Exercise ▸
Print the entries below word for word; the pictures stay out of your copy.

Entries shown ▸
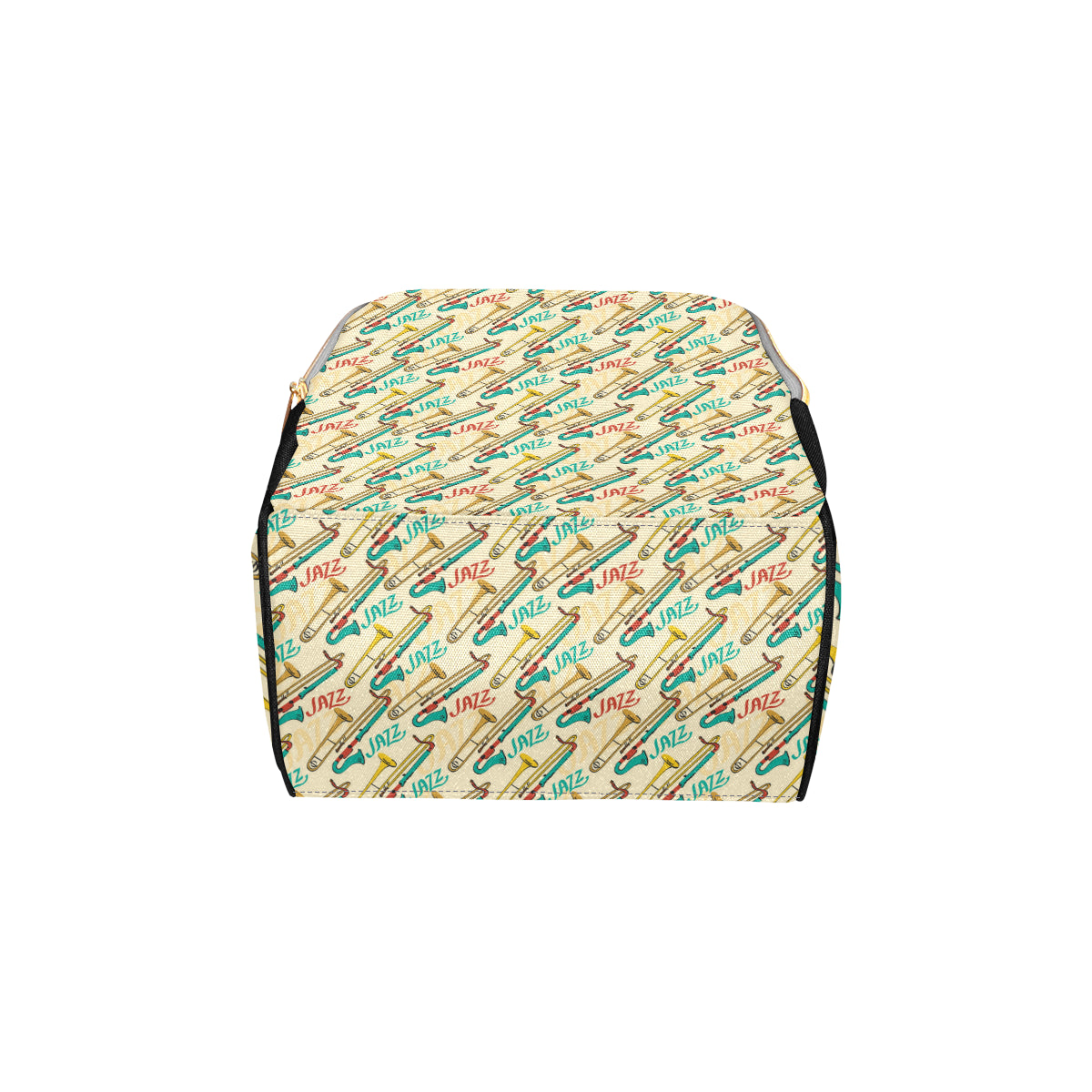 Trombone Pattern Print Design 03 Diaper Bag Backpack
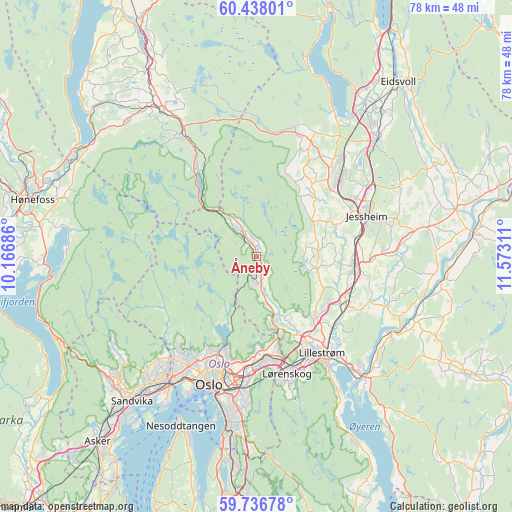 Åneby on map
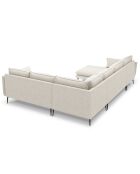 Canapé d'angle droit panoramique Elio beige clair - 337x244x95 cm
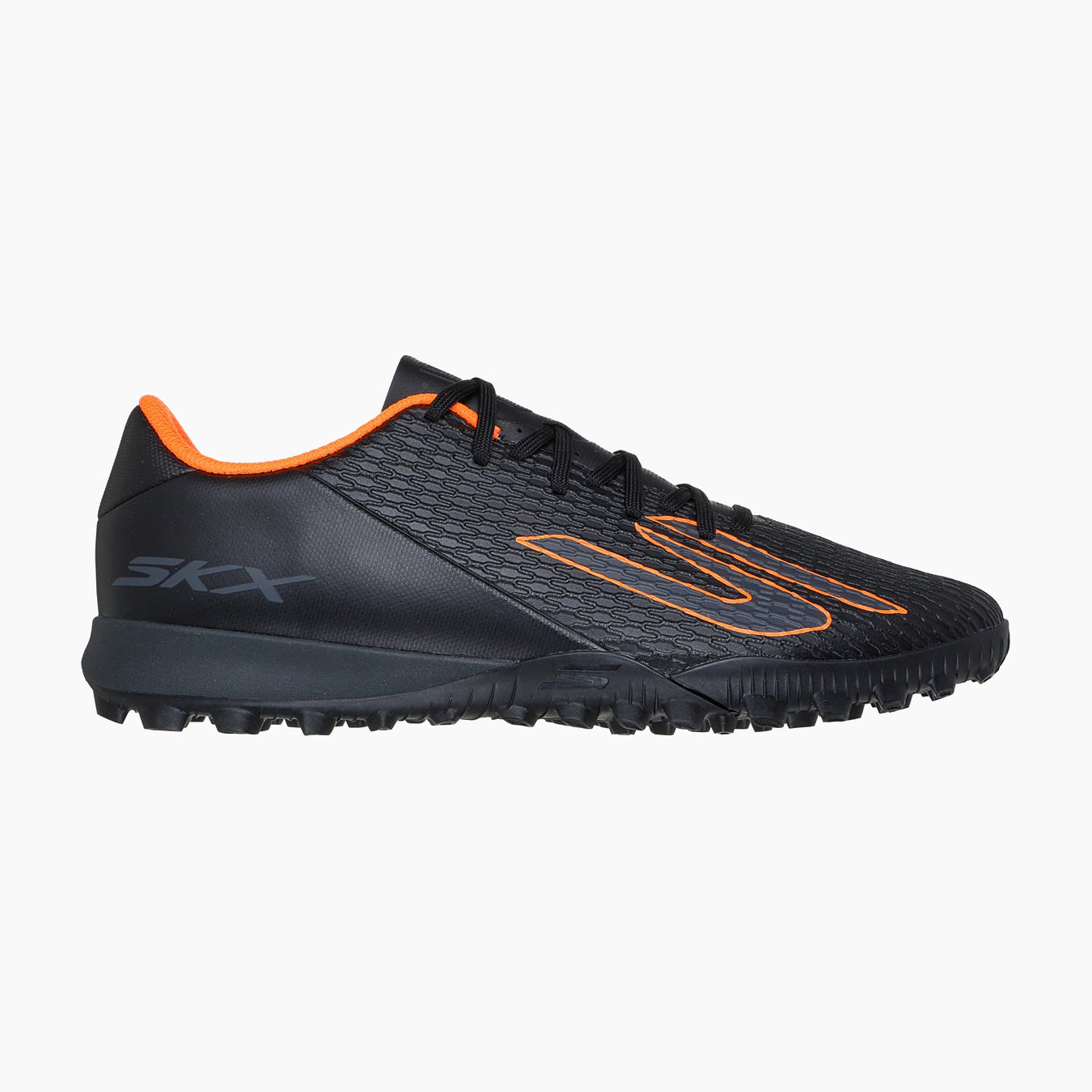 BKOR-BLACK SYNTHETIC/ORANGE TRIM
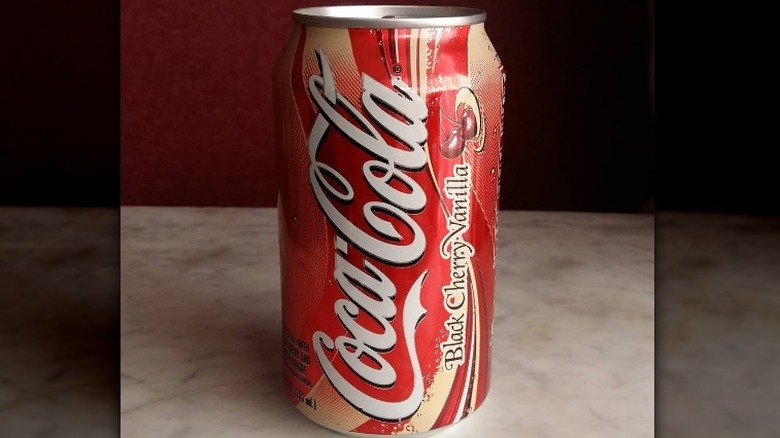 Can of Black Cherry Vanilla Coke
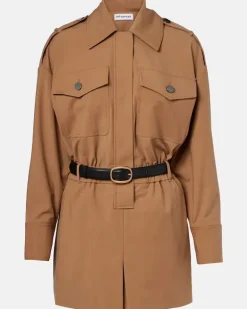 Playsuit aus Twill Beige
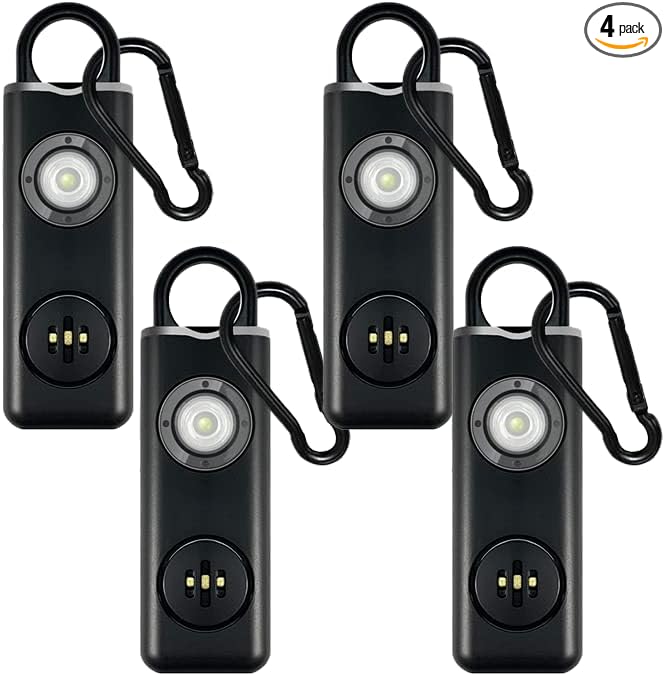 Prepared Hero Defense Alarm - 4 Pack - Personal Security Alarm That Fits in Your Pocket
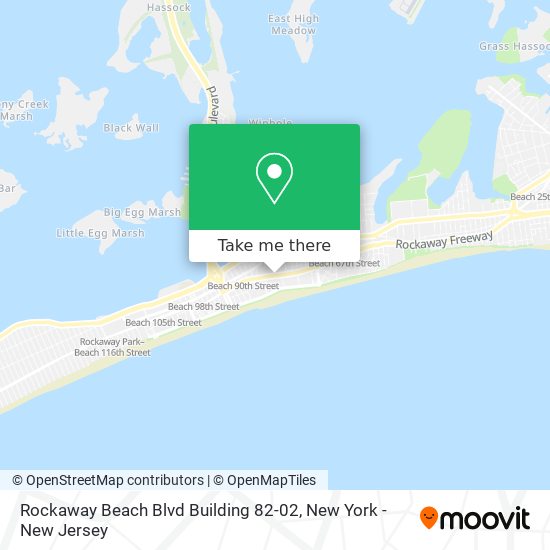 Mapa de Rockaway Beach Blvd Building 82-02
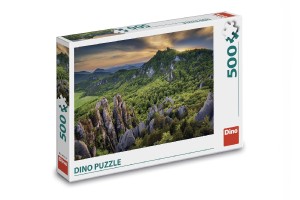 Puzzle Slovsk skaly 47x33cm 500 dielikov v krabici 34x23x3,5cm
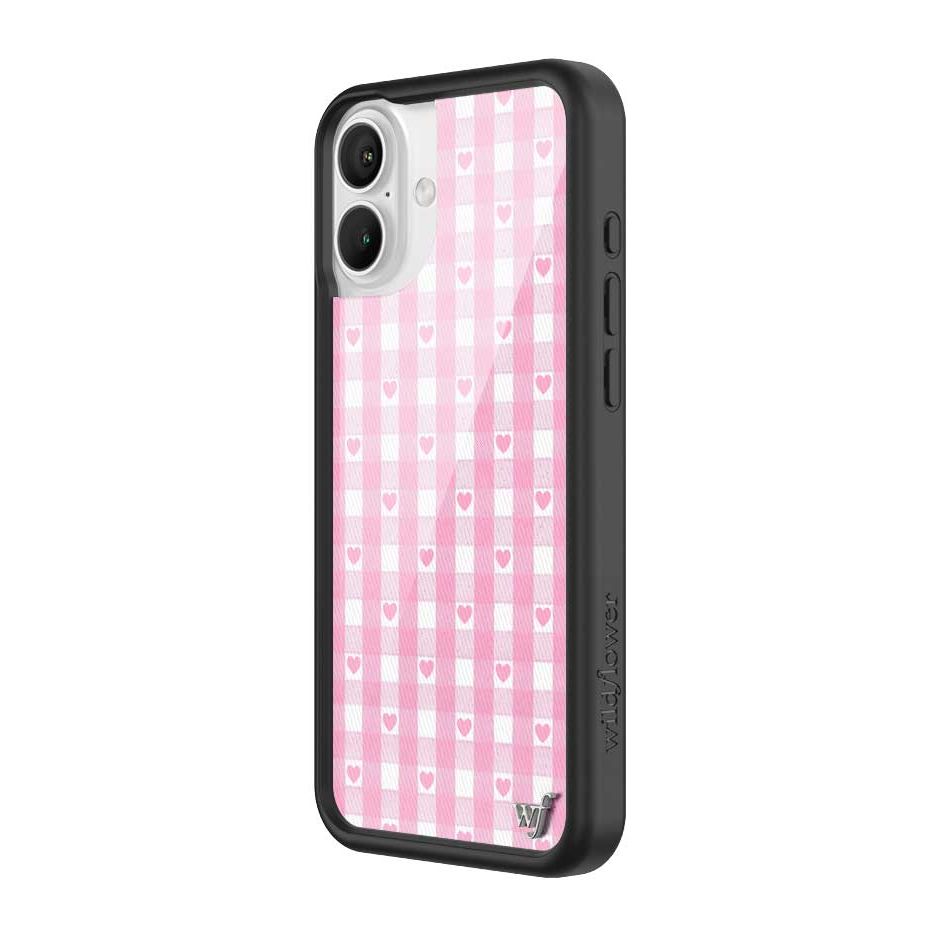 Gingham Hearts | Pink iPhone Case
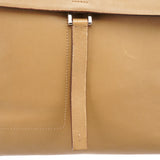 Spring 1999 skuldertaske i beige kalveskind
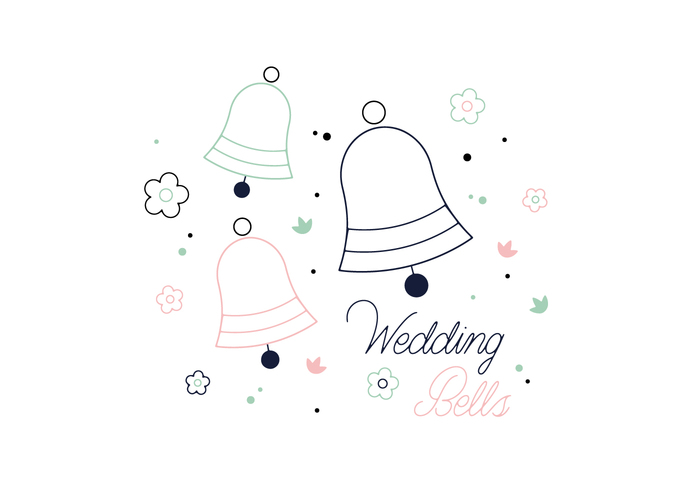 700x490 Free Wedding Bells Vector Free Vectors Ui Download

Reply to the task ▸
 Trombone Pattern Print Design 03 Diaper Bag Backpack
 Åneby on map
 Canapé d'angle droit panoramique Elio beige clair - 337x244x95 cm
 BKOR-BLACK SYNTHETIC/ORANGE TRIM
 Can of Black Cherry Vanilla Coke
 Playsuit aus Twill Beige
 Prepared Hero Defense Alarm - 4 Pack - Personal Security Alarm That Fits in Your Pocket
 Mapa de Rockaway Beach Blvd Building 82-02
 Puzzle Slovsk skaly 47x33cm 500 dielikov v krabici 34x23x3,5cm
 Gingham Hearts | Pink iPhone Case
 Spring 1999 skuldertaske i beige kalveskind
 700x490 Free Wedding Bells Vector Free Vectors Ui Download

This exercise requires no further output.